*** Block opens ***
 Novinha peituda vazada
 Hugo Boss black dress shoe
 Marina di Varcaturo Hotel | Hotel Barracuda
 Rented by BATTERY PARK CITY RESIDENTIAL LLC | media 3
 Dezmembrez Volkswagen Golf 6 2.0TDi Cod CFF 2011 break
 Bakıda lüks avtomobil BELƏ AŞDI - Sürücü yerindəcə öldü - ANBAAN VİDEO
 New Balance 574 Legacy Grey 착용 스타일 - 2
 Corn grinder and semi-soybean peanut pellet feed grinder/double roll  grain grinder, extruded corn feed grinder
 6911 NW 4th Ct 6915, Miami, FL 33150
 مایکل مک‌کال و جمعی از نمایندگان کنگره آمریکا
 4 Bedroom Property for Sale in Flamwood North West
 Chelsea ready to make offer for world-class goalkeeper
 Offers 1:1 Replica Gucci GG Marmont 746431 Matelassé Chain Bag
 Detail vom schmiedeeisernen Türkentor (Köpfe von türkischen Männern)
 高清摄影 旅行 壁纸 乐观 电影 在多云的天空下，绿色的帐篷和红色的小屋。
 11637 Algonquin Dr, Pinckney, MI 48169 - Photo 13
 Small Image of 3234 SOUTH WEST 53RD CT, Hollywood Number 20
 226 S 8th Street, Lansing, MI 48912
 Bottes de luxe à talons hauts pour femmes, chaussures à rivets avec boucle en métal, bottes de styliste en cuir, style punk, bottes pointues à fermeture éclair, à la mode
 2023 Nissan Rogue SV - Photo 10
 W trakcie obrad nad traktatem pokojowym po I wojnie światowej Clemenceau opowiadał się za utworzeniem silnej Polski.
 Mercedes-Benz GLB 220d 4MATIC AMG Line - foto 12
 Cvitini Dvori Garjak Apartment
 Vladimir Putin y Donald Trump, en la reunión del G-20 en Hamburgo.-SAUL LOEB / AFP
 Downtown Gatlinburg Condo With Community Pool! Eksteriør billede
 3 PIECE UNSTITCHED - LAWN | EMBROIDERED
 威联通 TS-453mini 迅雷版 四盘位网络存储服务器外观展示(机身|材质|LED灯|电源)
*** Block closes ***
§ Activity:
Gather from the records above every line containing the string "Photo".

§ Expected output:
 11637 Algonquin Dr, Pinckney, MI 48169 - Photo 13
 2023 Nissan Rogue SV - Photo 10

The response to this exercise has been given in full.